Già il grande rabbino Maimonide nel dodicesimo secolo, aveva insistito sul fatto che non si può veramente amare Dio senza studiare la bellezza e la scienza della creazione. Ma per Leone, nel suo pensiero platonico, Dio e bellezza sono inseparabili. La bellezza, egli spiega, è di fatto l’essenza del mondo ed ha un significato metaforico. Dio è la fonte di tutta la bellezza che è tutto il bene. L’amore, spiega Leone, è l’ardente e continua espressione dell’unione con quella sublime bellezza e bene di Dio, il quale Egli Stesso cerca questa relazione d’amore con le Sue creature. Quindi, non solo lo scopo della nostra esistenza, ma la stessa capacità di esistere della creazione, dipendono dal patto di mutuo amore fra l’universo e il suo Creatore, patto che forgia ciò che viene descritto come un forte "circolo d’amore" che sostiene tutti i componenti del cosmo. Tutti i comandamenti biblici che compongono il modo di vivere dell’Ebraismo, sono di conseguenza visti come espressione di questa bellezza e di questo abbellimento che ci unisce alla fonte dell’essenza di tutto, e cioè a Dio Stesso.

Considero provvidenziale che sia stato scelto come tema di questo incontro la bellezza, cosa questa che mi ha permesso di ricordare uno dei più importanti pensatori ebrei del Rinascimento, un grande rabbino il quale, fuggendo dalle persecuzioni, trovò rifugio ed ospitalità in Italia, e qui si fece poi conoscere nella cultura di questo paese scrivendo in lingua italiana. Comunque mi sembra anche che il tema centrale del suo pensiero offra una comprensione persino maggiore dei fondamenti che uniscono gli ebrei e i cristiani, malgrado le profonde differenze fra loro esistenti. La nostra comprensione della centralità dell’amore per Dio e per il prossimo come ultima espressione della vera bontà e splendore del mondo dovrebbe realmente colpirci e portarci a capire quanto ciò che il Concilio Vaticano II descrive come nostro "patrimonio comune" ci leghi gli uni agli altri.

In conclusione, vorrei brevemente affrontare la questione dell’ecumenismo e del suo futuro.

Partirei da un’affermazione teologica. Tutte le nostre tradizioni accettano il concetto di un Dio onnipresente e onnisciente, che al tempo stesso si riferisce a tutte le Sue creature. Questa sembra un’ovvia contraddizione, perché se Dio è in relazione a tutte le Sue creature, allora tutte le Sue creature nella loro diversità dovrebbero essere in grado di collegarsi a Lui.

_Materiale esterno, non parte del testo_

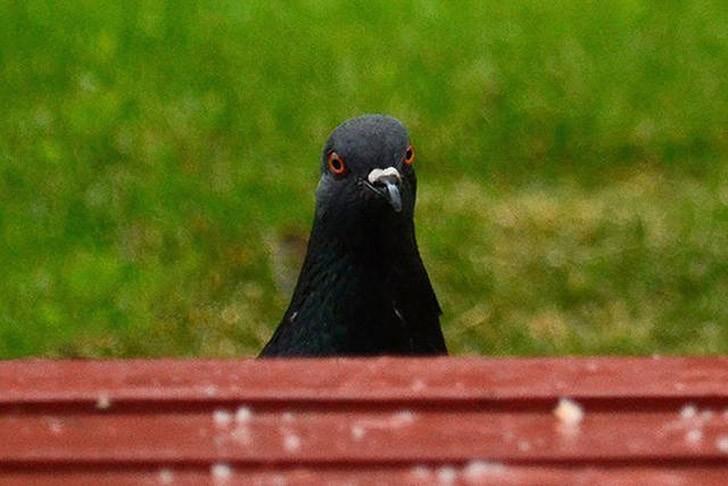 slowpigeon10.jpg?width=450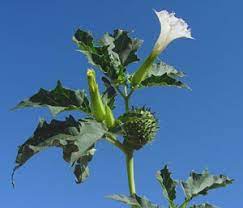 Explore the effects of this drug (plant) used bye many to mind. Burundanga Un Inquietante Articolo Dalla Colombia Dove Fa Molte Vittime Brogi Info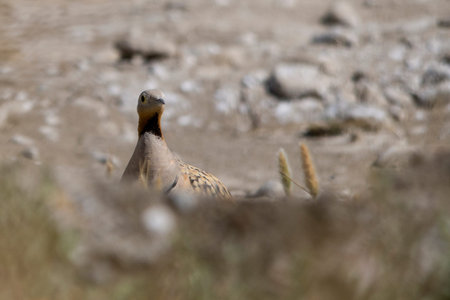 Birds in their natural environment and in their environment.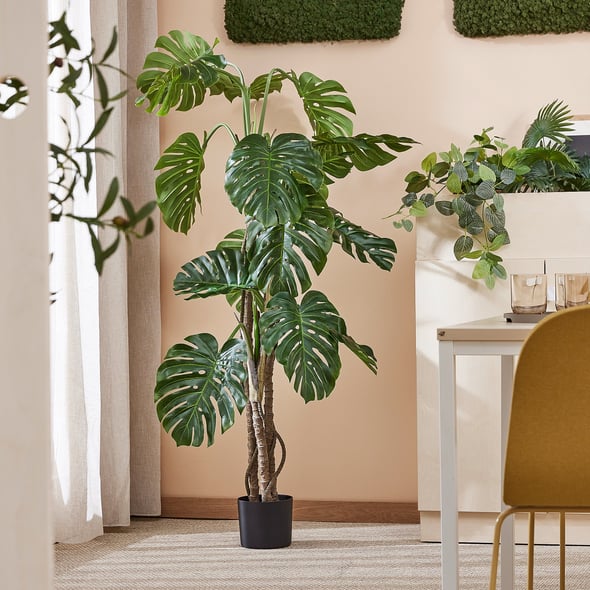 Kunstig plante EVERGREEN Monstera, H1800, 1-pk.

Nell’imparare a superare questa contraddizione noi riconosciamo sempre di più la presenza di Dio nella diversità della cultura umana. Dobbiamo distinguere questa percezione da ciò che chiamiamo "sincretismo". Se noi affermiamo una fede, dobbiamo affermare quella fede totalmente; dunque ciò che la gente vede come contraddizione, non è solo una contraddizione, è invece la verità: la verità è nell’affermazione della fede di uno, e nello stesso tempo nel riconoscimento che nonostante la verità della fede di ciascuno, Dio deve essere altresì trovato in un altro luogo – nella fede dell’altro.

Le attività ecumeniche possono essere suddivise in tre: una è universale, una è la relazione speciale all’interno della famiglia di Abramo, e una è la relazione unica all’interno della famiglia di Israele. Per famiglia di Abramo, io intendo la verità essenziale che Abramo capì in maniera unica; il termine "famiglia di Israele" è forse più complicato, essendo anche spesso all’origine di un conflitto fra cristiani ed ebrei. Il Concilio Vaticano II ha parlato di "patrimonio comune": questo significa che noi siamo chiamati in modi differenti a un certo tipo di rapporto, condividiamo certe verità che provengono da una medesima eredità scritta. Questo ci chiede di vedere gli uni negli altri parti e pezzi di ciò che Dio ci chiama a fare nel mondo. Parte del problema delle nostre incapacità di capire cosa questo significa, o di vederlo, è il peso della storia. Per molte persone questa è la pietra d’inciampo. Ma più noi impariamo a capirci, più dobbiamo rispondere a quella che io credo sia la chiamata di Dio: stabilire un rapporto fra ebrei e cristiani.

La relazione ecumenica fra cristiani e ebrei non è semplicemente un modo per evitare pregiudizi e bigottismo, o per creare un miglior clima culturale e sociale. Anche se queste cose sono importanti, l’ecumenismo è molto di più: un imperativo religioso.